When you return, your marketability will be improved by conversance with Chinese law and, perhaps even more important, with a new cultural competence that is so important in almost every area of modern law practice. You may even speak some Mandarin (and courses are available to you at our partner universities, as well as at CWRU which will be offering an intensive four week summer Mandarin course for law students, lawyers, and business people). And you will also have experienced life in one of the most fascinating and important countries to the future of the world.
Our semester abroad program will probably affect you the most, but that’s not where our China program ends. We have agreed in principal with all of our partners to build a US-China Law Institute, a multi-university think tank populated with law professors, government officials, lawyers, and business people, to help foster mutual cooperation between our nations. Under the American-side leadership of Jon Groetzinger, and the Chinese-side leadership of Professor Deng Feng of PKU, this institute is designed to be the leading Chinese-American think tank on issues primarily relating to business, trade, and financial law. With the addition next fall of our new professor, Tim Webster, a rising star in the world of Chinese law scholarship, the institute is sure to be a big success.
If you’ve been to China, you know how exciting a place it is and, if you haven’t, you’re in luck if you come to Case Western Reserve and take advantage of our program. I’ve been going to China over the last half-dozen years at intervals of about a year and a half, and am amazed to find the transformations in the cities I know. Skyscrapers grow like bamboo (and supported by bamboo scaffolding), new planned financial and trade centers are rising, restaurants and night life are fantastic, the shopping will remind you of major US and European capitals, and the countryside is magnificent. Beijing, the stately capital city, is the home of wonderful treasures from the Imperial era, from the Forbidden City at Tian ‘an men Square, to the Summer Palace, the Temple of Heaven, the Great Wall, and too many other places to name. Vibrant, exciting Shanghai, with its New York meets Vegas character, is to China what New York is to the US. And Chongqing is charming and beautiful (despite its population of 30 million!), reminiscent in places of San Francisco and Los Angeles with its ever-green flora, palm trees, and hills, cradled by the Yangtze and Jialing rivers.
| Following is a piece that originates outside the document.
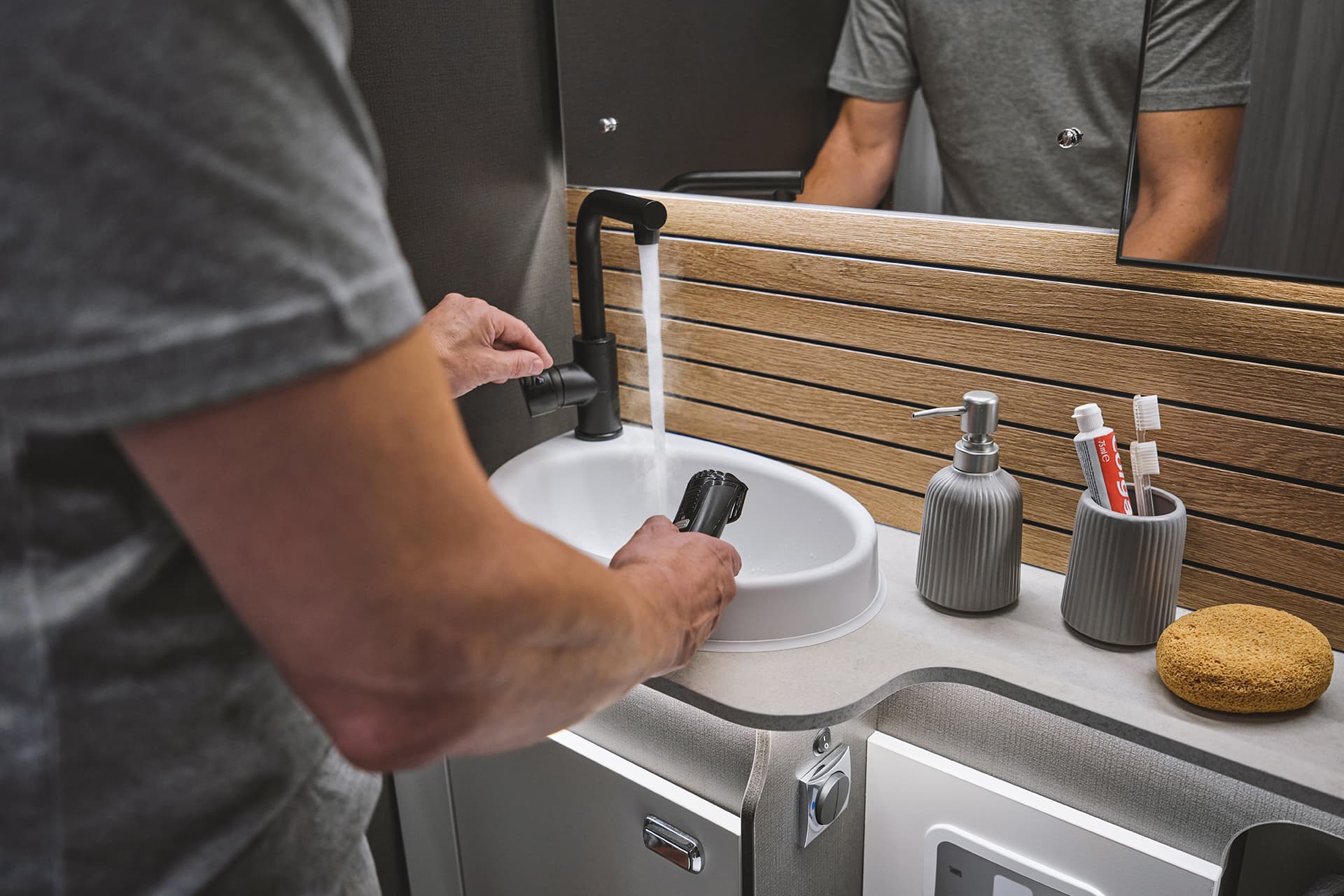Swift Escape Swift Colourtone 6000px 8 (1) - Tamar Caravans & Motorhomes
The countryside and smaller cities of Suzhou and Hangzhou outside Shanghai are simply treasures, and the landscape from Chongqin north and west toward the Himalayas (easily accessible from Chengdu) makes you feel as if you’re in a classical Chinese painting.
And, perhaps best of all (and ignoring US-China currency disputes), China remains amazingly inexpensive for Americans. Cab rides of an hour typically cost less than $15 dollars, public transportation within the cities and inter-city trains are cheap and excellent, you can have fantastic meals in nice restaurants for less than $50 for three or four people (or meals of terrific dumplings and buns for a dollar or two), and the shops that line the streets of the cities (where bargaining is the only way of doing business) sell a dizzying array of Chinese goods.
What other law school can offer this experience? None of which I know. Our China program is simply one other reason that Case Western Reserve is truly a special law school.